▶ _Your assignment_:
The output should contain the listing word for word and no pictures.

▶ _Information shown_:
------------------------

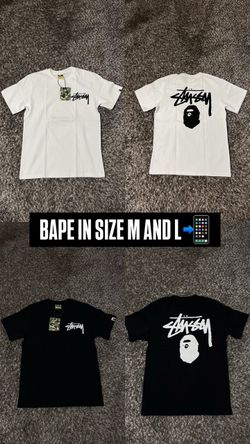 BAPE STUSSY shirt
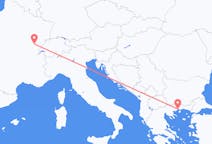 Vols de Dole, France vers la préfecture de Kavala, Grèce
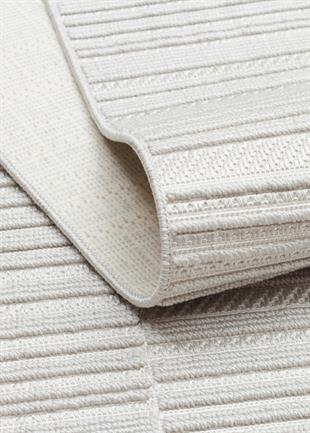 MONO LOOP MNO LOOP 01 GREY  Bukleli Sisal Dokuma Yıkanabilir Hav Vermez Kaymaz Tabanlı Kolay Temizlenebilir Makine Halısı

------------------------

▶ _Solved problem_:
 BAPE STUSSY shirt
 Vols de Dole, France vers la préfecture de Kavala, Grèce
 MONO LOOP MNO LOOP 01 GREY  Bukleli Sisal Dokuma Yıkanabilir Hav Vermez Kaymaz Tabanlı Kolay Temizlenebilir Makine Halısı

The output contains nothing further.